Setup Your Kitchen Light Right
Today’s kitchens increasingly function on two levels: as a place to prepare food and also as a place where people seem to congregate and entertain informally. The key to effective kitchen lighting thus lies in echoing that balance between form and function so as to offer a warm inviting ambiance yet also create brightly lit task areas.
Resolving this dichotomy is not actually as difficult as many people imagine. The simplest solution is to totally avoid trying to meet these various competing demands with one set of lights. Instead, use multiple sets of lights each designed for a specific purpose and assigned to its own switch.
Even more effective is to fit dimmer switches to finely control the balance between the various lighting circuits. Now if you need to prepare food you can wash the work surfaces with bright task lighting. But if you’re intending a relaxed meal at the kitchen table then you can dim the under-cabinet lights and throw a pool of light just on the table. Height adjustable pendant lights are ideal for this since you can eliminate glare from the light source itself.
There are three main categories of kitchen lighting: ambient, task and accent/decorative lighting. These should be familiar to anyone with a basic understanding of home lighting design. Ideally, you should aim to assign each of these groups to its own circuit so the various elements can be individually controlled and blended with each other as required. But if you find that you need task lighting in say two separate zones then further subdivide your task lighting onto two switches.

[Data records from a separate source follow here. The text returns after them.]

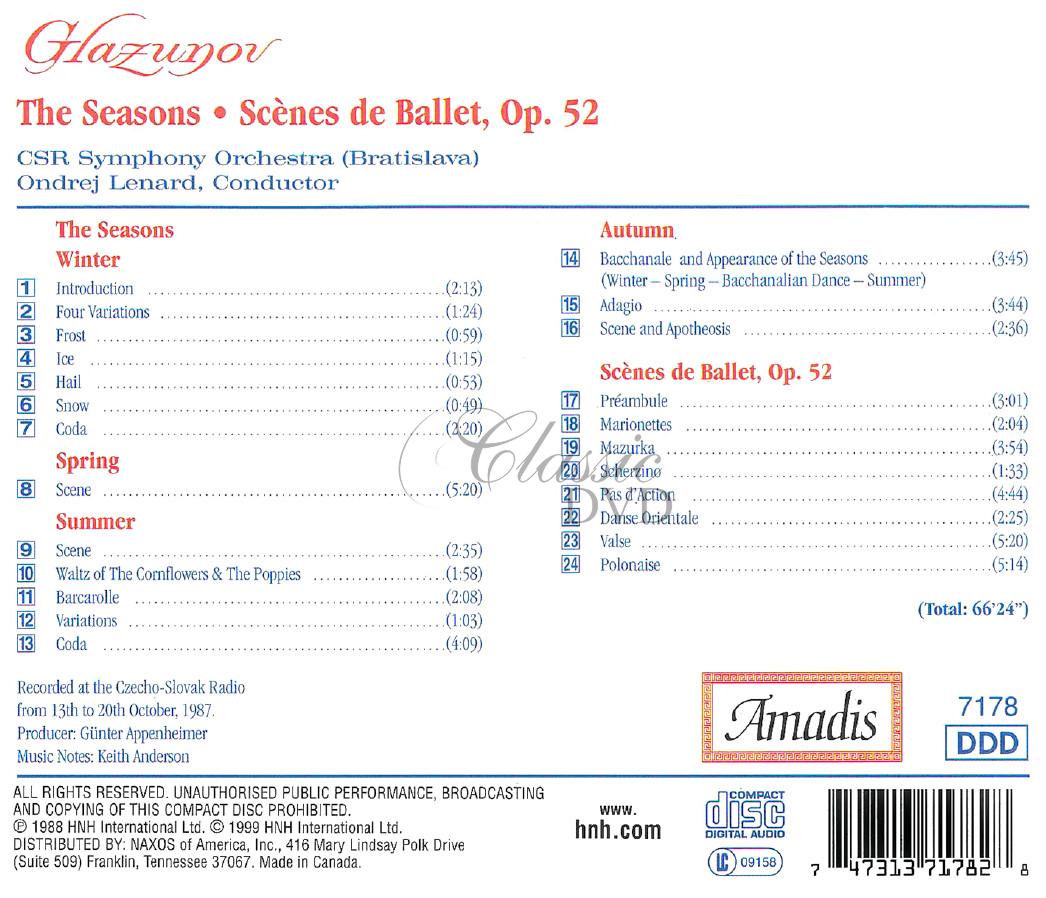 GLAZUNOV,A.: Seasons / Scenes De Ballet (CD)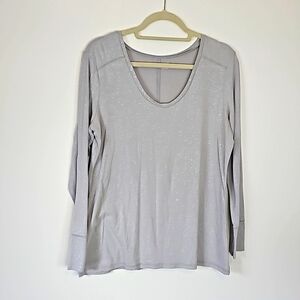 A New Approach Taupe Shimmer Long Sleeve Top Large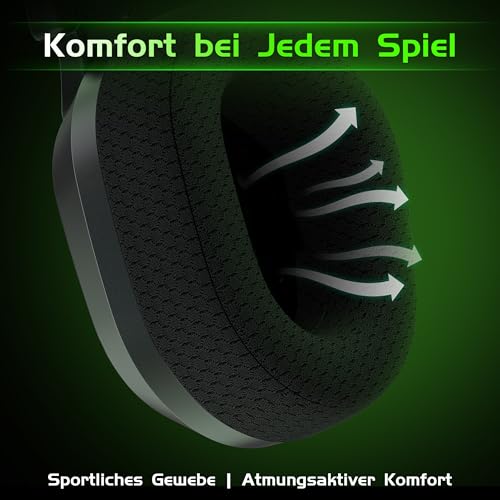 Gvyugke Wireless Gaming Headset für Xbox Series X|S/One, PS5, PS4, PC, Switch, Mac, 2.4GHz & Bluetooth 5.4 Kabelloses & 3.5 mm Kopfhörer mit Noise-Cancelling Mikrofon, Flip-to-Mute Funktion Bild 7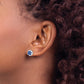 Sterling Silver Rhodium Sapphire & Diamond Post Earrings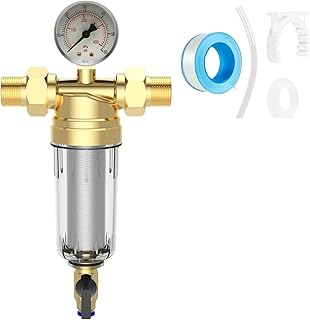 1 Zoll 6-Punkt-Verbindung, Messing Rückspülfilter Wasserfilter, Wiederverwendbarer Spin-Down-Sedimentfilter, Wasser Vorfilter mit 40 μm Filterfeinheit, Messing Wasserfilter inkl.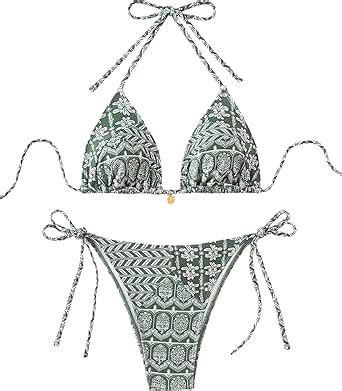 Amazon Two Piece String Bikini Sets For Women Halter Sexy Ribbed High Cut Tie Side Thong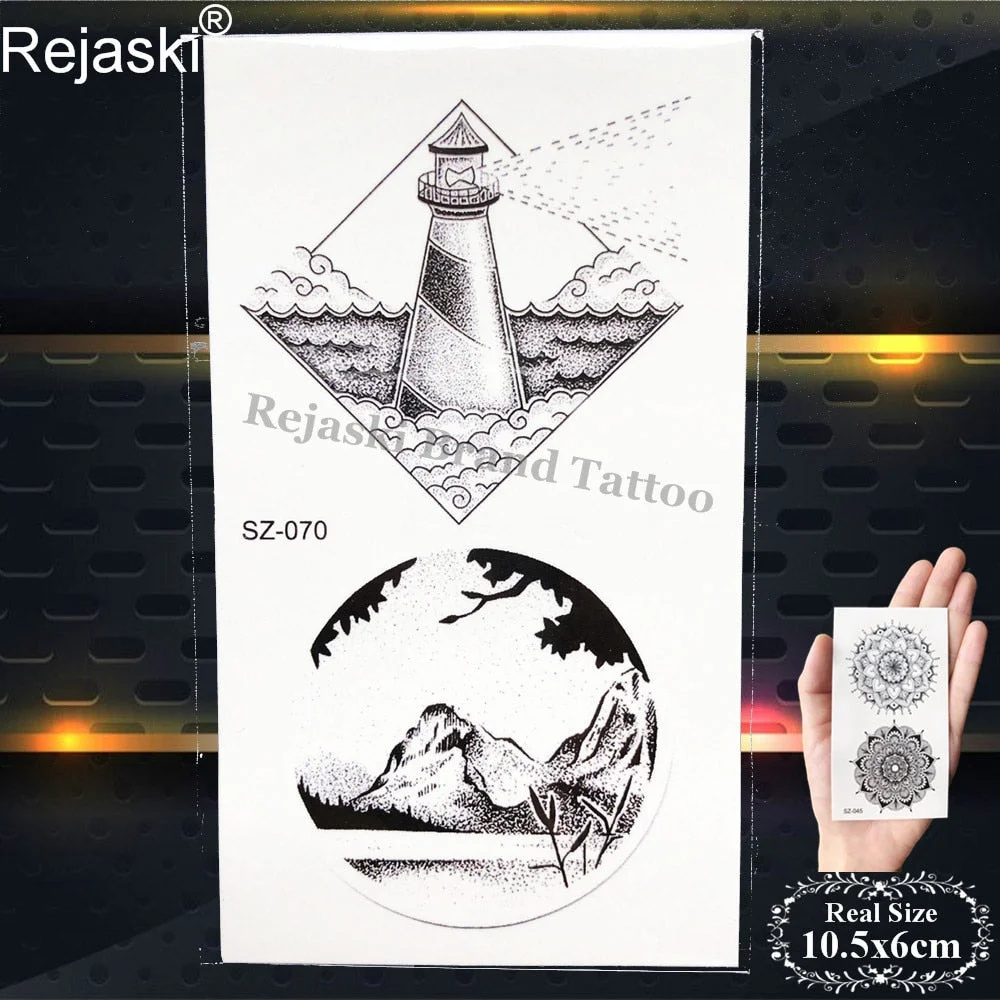 Rejaski Black Temporary Tattoo Stickers Women Iceberg Arm Geometry Waterproof Tatoos Men Mountain Fake Tattoo 3D Summer Style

Let’s examine each of these categories, in turn, beginning with ambient lighting. Ambient light sets the overall background lighting level. Without it, any other lights would stand out too prominently and cast pools of bright illumination contrasting heavily with surrounding dark areas. The best form of ambient light for a kitchen is typically found in recessed down lights and like all ambient lighting, these should always be assigned to dimmer switches to control the background level.
Kitchens are naturally home to sharp knives, hot substances and food whose quality needs to be inspected and so bright, focused task lighting that doesn’t create shadows is crucial. The best form of task lighting is slightly in front of you and directly above where you are working and doesn’t shine in your eyes. In most kitchens, the ideal answer is therefore under cabinet lighting (and these days LED under cabinet lighting as this runs cool and costs very little even if left on for extended periods).
Accent and decorative and lights are used to add interest and highlight off particular features. Low heat LED strip lights and spot lights are made for this since they are easy to install pretty much anywhere and can be set very close to objects or even into surfaces. An obvious area to really go to town is with kitchen island lighting since this usually forms the central feature in the kitchen.
Finally a few expert kitchen lighting ideas… Cluster down lights around particular areas and/or above materials that will reflect the light well. Hang pendant lights fairly low over tables and kitchen islands to focus the light pool (for maximum flexibility use a height-adjustable fitting). Consider lighting at all the levels typically found in a kitchen, not just the ceiling or just beneath wall units.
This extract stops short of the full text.